Ahh... A whole blog on magical math books. And she wrote about Christopher Danielson's new book, How Many? If you like this, she also has a list of every book she has posted about. Thank you, Kelly Darke!

Remember playing the card game War? If you're a parent, those memories may not be so fond. Kids love it and parents can get sooo bored. Kent wrote a great post about his interactions with his son around Addition, Subtraction, and Multiplication War. (If you want a good summary of even more mathy variations on war, check out Denise Gaskins' classic post.)

The first ever Global Math Week went well, with its exploding dots exploding around the world. Thank you, James Tanton, for getting people all over the globe into math.

How do you talk about numbers with young children? There are so many ways! Here's another: Counting with Dice, from Dave Martin.




Calculus
Which is bigger, eπ or πe? Sure, you can check it on a calculator. Or you can use areas to see why it's true. Lovely! (from Glenn Waddell)

The Fundamental Theorem of calculus says that you can figure out areas by using anti-derivatives. I do a project to help students understand it. Sam Shah does even more. This is Part III of his lessons for this topic. I recommend clicking on the links to Parts I and II first.





A Few More Goodies...
Dan McKinnon shares his notes from his Origami Workshop. For those who enjoy doing origami, can you find something new here?

Logic and Math go together so well. Check out this blog full of Venn Diagrams to fill in.

In his post From Surds to Ab-surds, Pat Bellew looks at an interesting relationship, which looks like bad simplifying but is still correct. He suggests it as a challenge in an algebra course to produce more correct 'bad simplifying' equations.
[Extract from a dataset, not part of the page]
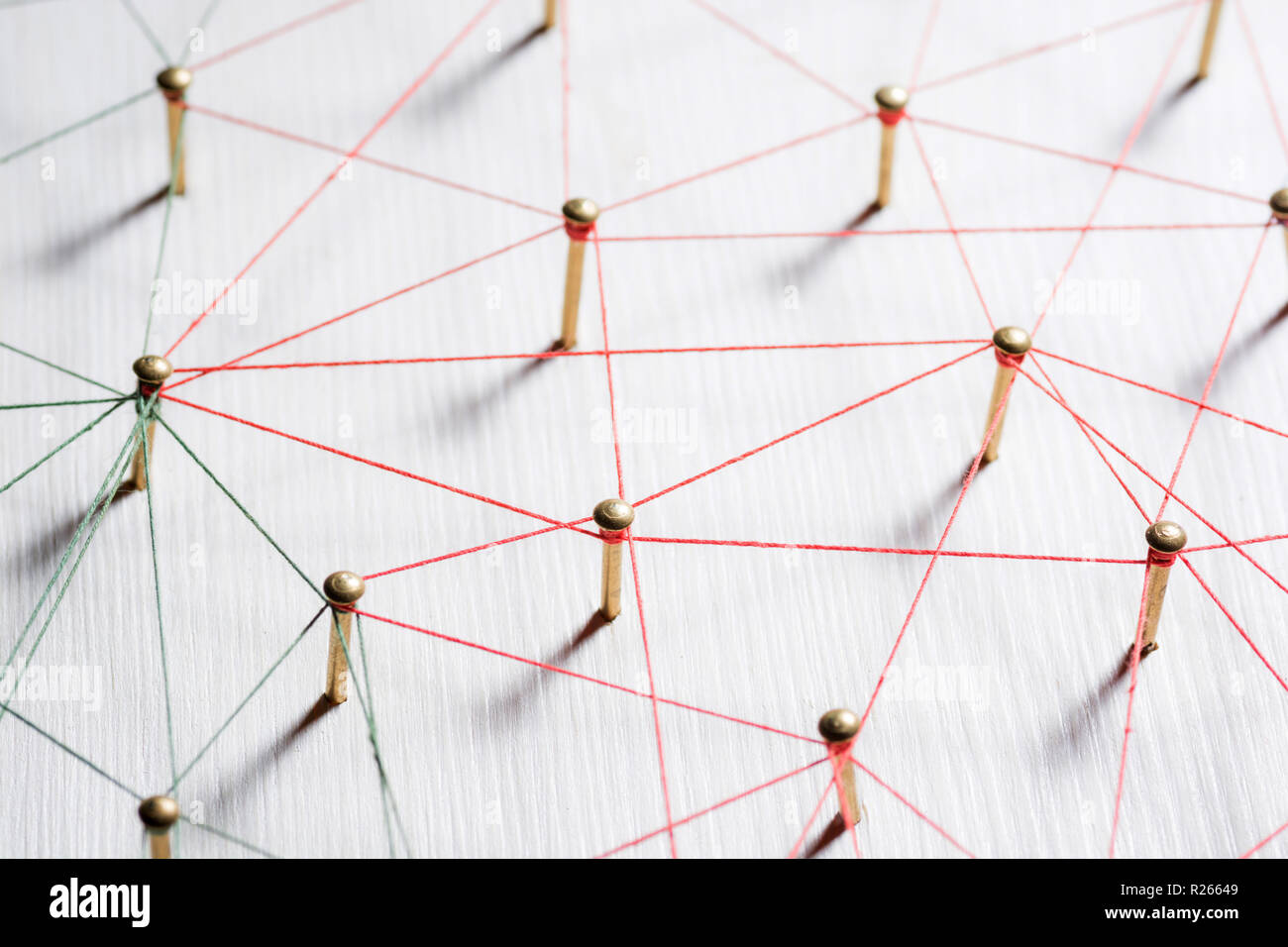 Linking entities. Network, networking, social media, internet communication abstract. A small network connected to a larger network. Web of gold wires on white wooden background. Network hub or key person. Stock Photo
Hmm, I want to think about how to do that.




Until Next Month...
Our sister blog carnival, The Carnival of Mathematics, often includes posts that are above my head. This month, our big sister is quite approachable. Enjoy!

If you have suggestions for next month's MTAP, share via the form at the Carnival home page.  Sharing in the carnival, or hosting, is a great way to increase connections in the #mtbos/#iteachmath community.

Sunday, January 7, 2018

Logic Puzzle - What Does Your Friend See?
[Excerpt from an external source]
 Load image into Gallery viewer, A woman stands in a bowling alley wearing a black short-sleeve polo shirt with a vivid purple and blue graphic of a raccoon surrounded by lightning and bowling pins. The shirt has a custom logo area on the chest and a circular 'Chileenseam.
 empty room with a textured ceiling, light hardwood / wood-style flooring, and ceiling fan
I love logic puzzles, and was drawn by the title saying this was a hard one. Usually Nautilus is well-written, but their version of this puzzle isn't as good (in my opinion) as the original, blogged about by Presh Talwalkar.
 
The Nautilus version of the puzzle says to imagine your brightest friend. I imagined a friend I know likes logic puzzles (Sharon), but since I wanted a different initial than mine for notation purposes, I imagined another smart friend who might like logic puzzles (Linda). And I began scribbling away with S's (for Sue) and L's.
The answer I got is different than the answer the author got because we made different assumptions. Mine were based on his wording, his were based on Presh's wording.

Puzzle #1 (with Sue's interpretation):
You’ve been caught snooping around a spooky graveyard with your best friend. The caretaker, a bored old man fond of riddles (and not so fond of trespassers), imprisons each of you in a different room inside the storage shed, and, taking your phones, says, “Only your mind can set you free.”
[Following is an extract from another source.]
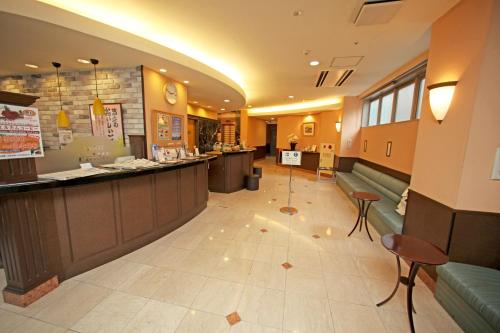 Zona de hol sau recepție la Hotel Prime inn Toyama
To you, he gestures toward a barred window. Through it, you can see 12 statues. Out of your friend’s window, which overlooks the opposite side of the graveyard, she can see eight. Neither of you know the other’s count.The caretaker tells you each, individually, that together you can see either 18 or 20 statues. Unfortunately, there’s no way to tell your friend how many you can spot.

The only way for you both to escape is for one of you to give the total number of visible statues. Get it wrong, and neither of you ever leave. The caretaker asks you each once a day [Sue assumed neither person knew who was asked first], and you can choose to answer or to pass. If you both pass on a given day, the question—are there 18 or 20?—is posed to each of you again the next day, and the next, and so on, until you get it right or wrong.
Puzzle #2 is at Presh's blog. (No way to copy-paste that one.) It's now Alice and Bob, and they know that Alice gets asked first, so they'd both be released before Bob is asked if she has it right.
I think I have found a solution to (my version of) Puzzle #1. I would love to hear other folks reasoning before posting anything.